### Task instructions
One exact copy of the listing is needed. It should contain no pictures.

### Source material

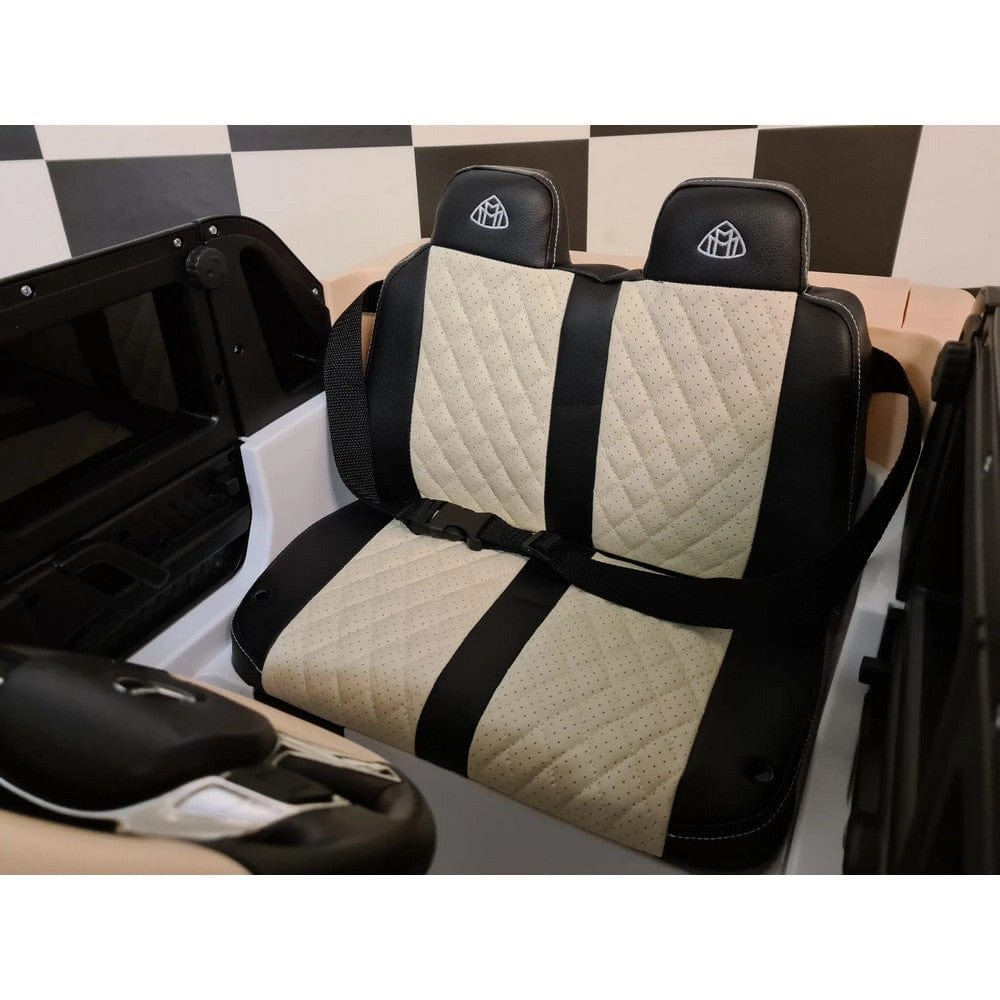 Car4Kids Elbil Mercedes Maybach G650 SKU EAN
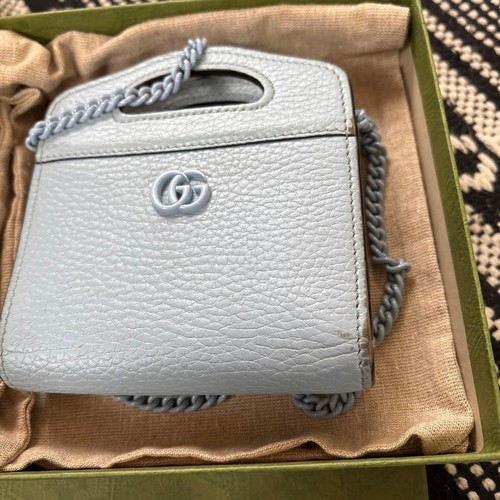 Gucci marmont portafoglio - gg,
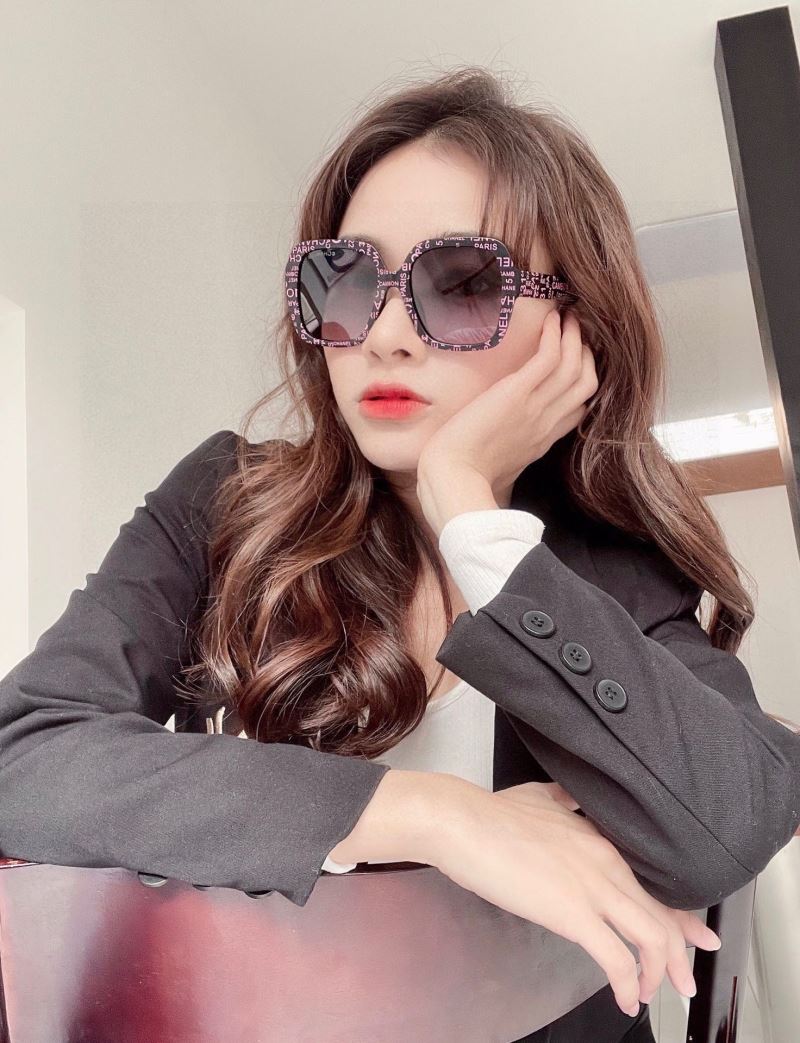 Chanel Sunglasses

### Output for this task
 Car4Kids Elbil Mercedes Maybach G650 SKU EAN
 Gucci marmont portafoglio - gg,
 Chanel Sunglasses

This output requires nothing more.